**Exercise data:**

********************

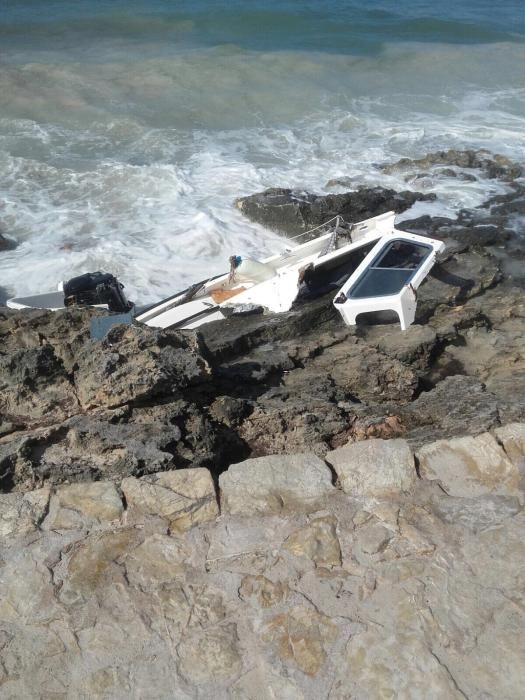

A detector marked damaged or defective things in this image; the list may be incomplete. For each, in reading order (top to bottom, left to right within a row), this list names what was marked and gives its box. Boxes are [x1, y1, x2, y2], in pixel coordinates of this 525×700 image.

wrecked boat [6, 211, 444, 330]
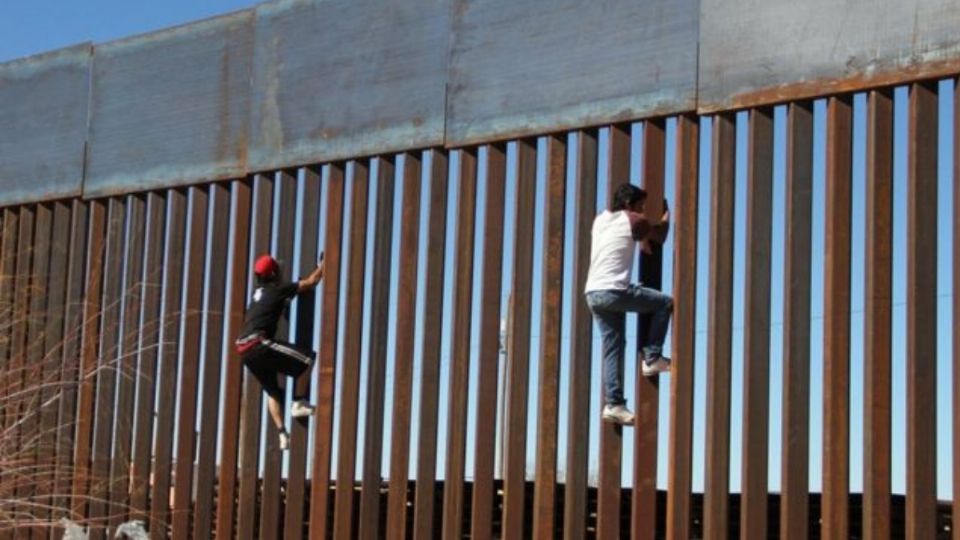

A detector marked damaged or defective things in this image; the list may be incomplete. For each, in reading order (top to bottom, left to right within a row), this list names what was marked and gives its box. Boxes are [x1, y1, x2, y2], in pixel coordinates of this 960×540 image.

rusty steel slat [22, 204, 50, 540]
rusty steel slat [37, 201, 70, 536]
rusty steel slat [52, 199, 89, 528]
rusty steel slat [70, 200, 105, 520]
rusty steel slat [89, 198, 127, 540]
rusty steel slat [108, 194, 145, 528]
rusty steel slat [129, 192, 165, 516]
rusty steel slat [148, 189, 188, 536]
rusty steel slat [172, 187, 211, 540]
rusty steel slat [193, 182, 232, 540]
rusty steel slat [213, 179, 251, 536]
rusty steel slat [236, 173, 274, 540]
rusty steel slat [256, 170, 294, 540]
rusty steel slat [284, 165, 326, 540]
rusty steel slat [308, 165, 344, 540]
rusty steel slat [332, 158, 374, 536]
rusty steel slat [360, 156, 398, 540]
rusty steel slat [386, 150, 424, 536]
rusty steel slat [410, 151, 452, 540]
rusty steel slat [442, 149, 480, 540]
rusty steel slat [466, 142, 506, 540]
rusty steel slat [502, 138, 540, 540]
rusty steel slat [532, 133, 568, 536]
rusty steel slat [560, 129, 596, 540]
rusty steel slat [600, 123, 632, 540]
rusty steel slat [632, 118, 664, 540]
rusty steel slat [664, 115, 700, 540]
rusty steel slat [700, 114, 740, 540]
rusty steel slat [740, 107, 776, 536]
rusty steel slat [780, 100, 808, 540]
rusty steel slat [820, 95, 852, 540]
rusty steel slat [864, 88, 892, 540]
rusty steel slat [908, 80, 936, 540]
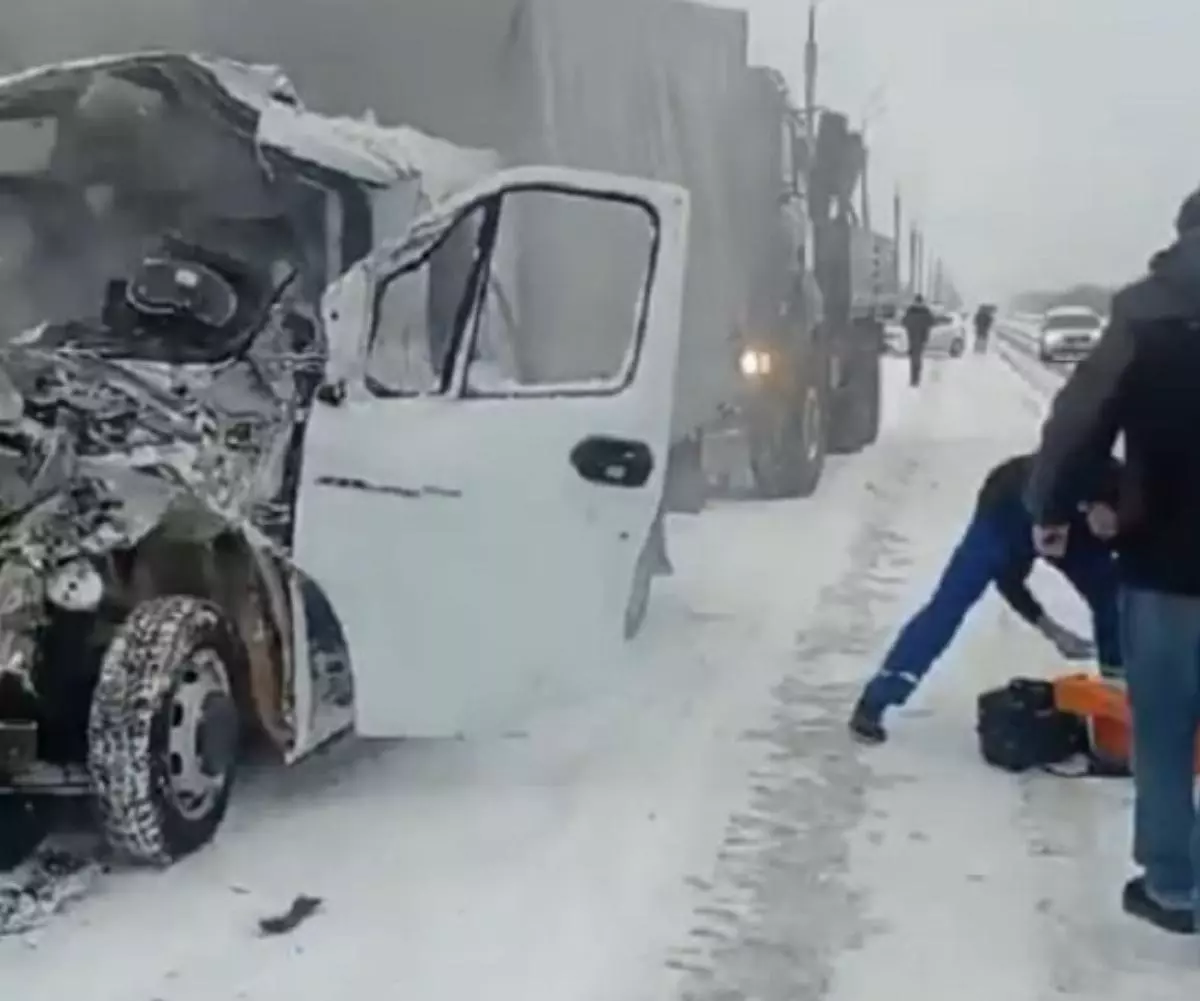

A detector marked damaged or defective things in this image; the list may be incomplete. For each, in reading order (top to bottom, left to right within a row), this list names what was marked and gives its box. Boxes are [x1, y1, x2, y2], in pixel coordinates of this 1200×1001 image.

********************

**Work instruction:**
Output the material word for word, and keep the pictures out.

**Response to the task:**
A detector marked damaged or defective things in this image; the list may be incomplete. For each, in reading order (top to bottom, left to right within a row), this list names what was marked and gives its box. Boxes are [x1, y1, x2, y2], in pixel coordinates of this 525×700 image.

wrecked boat [6, 211, 444, 330]

A detector marked damaged or defective things in this image; the list may be incomplete. For each, in reading order (top to bottom, left to right within a row), this list names what was marked and gives its box. Boxes are [x1, y1, x2, y2], in pixel coordinates of this 960×540 image.

rusty steel slat [22, 204, 50, 540]
rusty steel slat [37, 201, 70, 536]
rusty steel slat [52, 199, 89, 528]
rusty steel slat [70, 200, 105, 520]
rusty steel slat [89, 198, 127, 540]
rusty steel slat [108, 194, 145, 528]
rusty steel slat [129, 192, 165, 516]
rusty steel slat [148, 189, 188, 536]
rusty steel slat [172, 187, 211, 540]
rusty steel slat [193, 182, 232, 540]
rusty steel slat [213, 179, 251, 536]
rusty steel slat [236, 173, 274, 540]
rusty steel slat [256, 170, 294, 540]
rusty steel slat [284, 165, 326, 540]
rusty steel slat [308, 165, 344, 540]
rusty steel slat [332, 158, 374, 536]
rusty steel slat [360, 156, 398, 540]
rusty steel slat [386, 150, 424, 536]
rusty steel slat [410, 151, 452, 540]
rusty steel slat [442, 149, 480, 540]
rusty steel slat [466, 142, 506, 540]
rusty steel slat [502, 138, 540, 540]
rusty steel slat [532, 133, 568, 536]
rusty steel slat [560, 129, 596, 540]
rusty steel slat [600, 123, 632, 540]
rusty steel slat [632, 118, 664, 540]
rusty steel slat [664, 115, 700, 540]
rusty steel slat [700, 114, 740, 540]
rusty steel slat [740, 107, 776, 536]
rusty steel slat [780, 100, 808, 540]
rusty steel slat [820, 95, 852, 540]
rusty steel slat [864, 88, 892, 540]
rusty steel slat [908, 80, 936, 540]

A detector marked damaged or defective things in this image; the list may be incomplete. For each, in reading order (top to bottom, left to right within a row), this list names what was marked and gives its box. Boxes are [x1, y1, x2, y2], in pixel coordinates of this 1200×1001 image.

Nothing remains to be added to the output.